= Martian Man =

Song by Lynsey de Paul

"Martian Man" is a song written by Lynsey de Paul that was destined to be a track on her 1976 album Before You Go Tonight (aka Take Your Time), but was shelved as part of a legal dispute with former manager Don Arden.

Although the dispute was solved in de Paul's favour, the album was first released in 1990, in Japan, as well as on a Best of.. CD (albeit as "My Martian Man") that was released in 1993. "Martian Man" finally appeared internationally as a track on de Paul's 2013 anthology CD, Into My Music: 1975-1979. De Paul explained that the ethereal song is about former boyfriend and zany musician Roy Wood, hence the strange lyrics about a woman who falls in love with a stranded Martian. "He came to collect me at my flat and he's dyed his hair green - I thought he looked like a Martian", she said in the booklet to her Into My Music album. Ironically, it was Wood who had recommended Don Arden as her new manager when she left MAM Records.
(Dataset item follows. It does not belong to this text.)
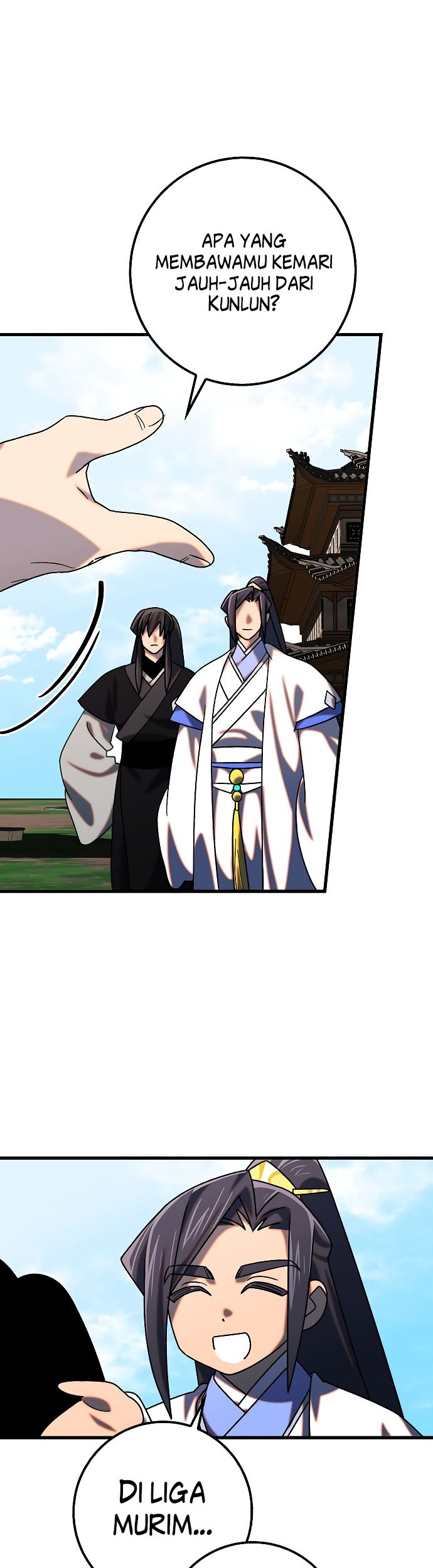 Tyranny of the Gale Chapter 31 - halaman 22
In 1996, the ex-All About Eve singer and longterm de Paul fan, Julianne Regan, released an electronic version of the song that was approved by de Paul, as a track on the extended play CD The Milkman by Regan's group, Mice. Released on 22 April 1996 on Permanent records, it reached No. 92 on the UK Singles Chart in May that year. This recording of the song was also included on the 2001 Julianne Regan and Mice CD album, New and Improved on Jamtart Records.